LAUNCESTON'S John Davey is one of thousands of Tasmanians set to benefit from the listing on the federal government's Pharmaceutical Benefits Scheme of the anticoagulant drug Pradaxa.
Mr Davey suffered a stroke 2 1/2 years ago, but said he did not realise it at the time.
``I felt a bit tired for a few months and was really unfit - I felt a bit funny, but when my daughter came around for dinner, I found that I couldn't string words together to make a sentence - it was quite distressing,'' Mr Davey said.

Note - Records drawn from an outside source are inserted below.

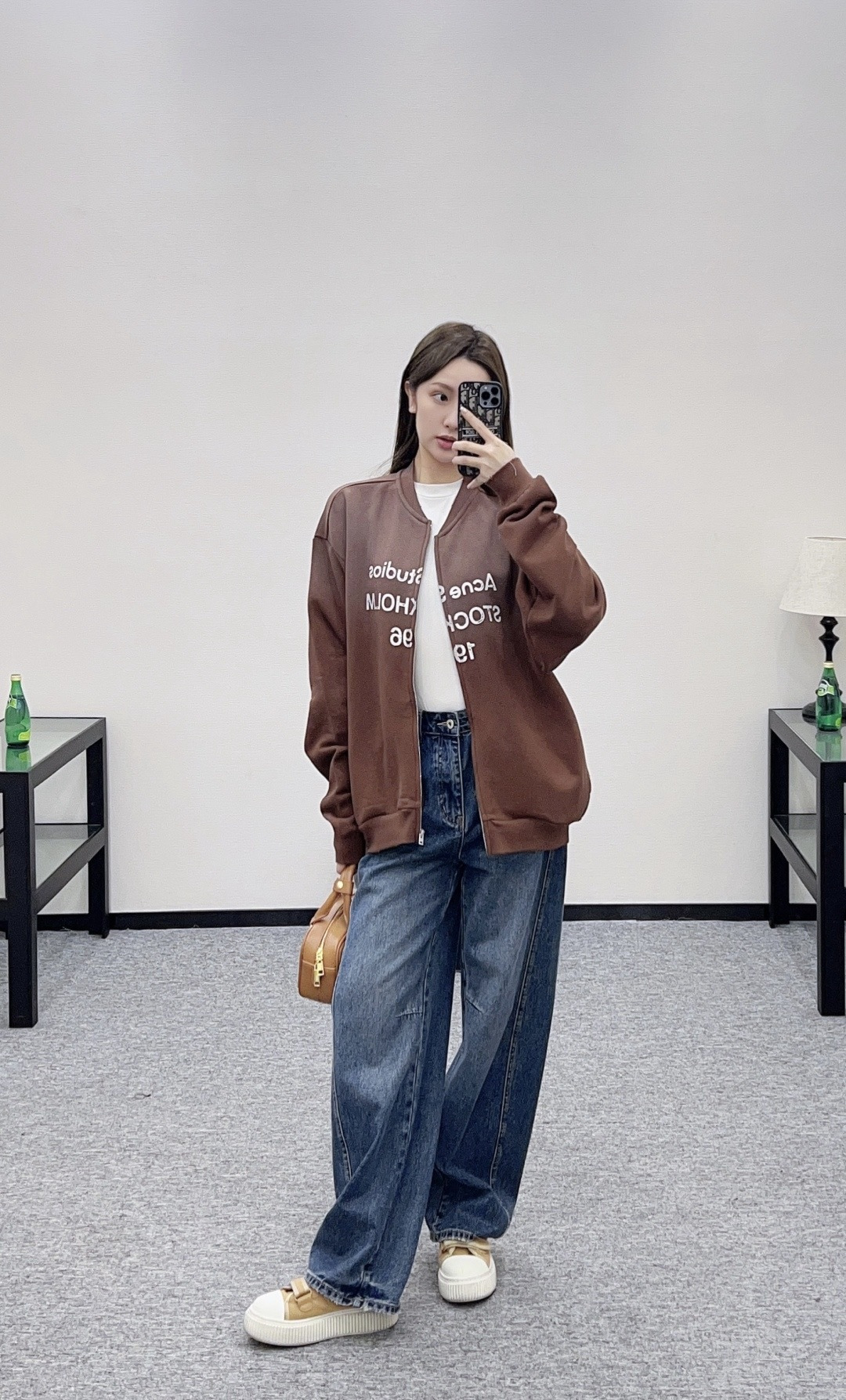 NO:686167,,,19860909,,,Women's clothing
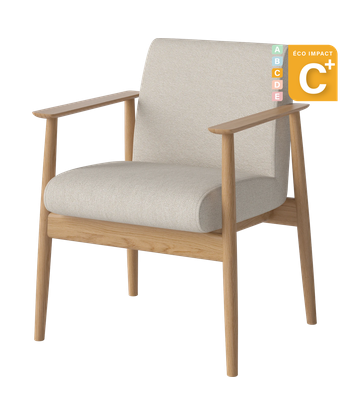 Chaise Visti en bois de forêt durable et tissu recyclé est présent 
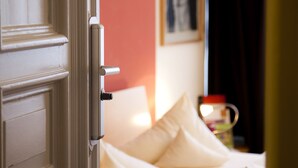 Chambre Double Standard | Literie hypoallergénique, minibar, coffres-forts dans les chambres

``My wife insisted I go to the doctor - she did a load of tests and couldn't find anything wrong, apart from not being able to talk properly, so she sent me in for a CAT scan and they discovered I had a two centimetre by one centimetre clot in my brain.''
Mr Davey said the clot had been caused by an irregular heartbeat, but he did not want to take the anticoagulant warfarin because his mother and father had reacted badly to it.
When Mr Davey went to see Launceston Heart Centre's Geoffrey Evans, he learnt about Pradaxa and in May 2011 became part of a national trial.
Dr Evans said he was disappointed it had taken the federal government 2 1/2 years to include Pradaxa in the Pharmaceutical Benefits Scheme, from the time its use was approved.
Dr Evans said he was sure the number of adverse outcomes resulting from strokes would be reduced significantly because of the drug's listing.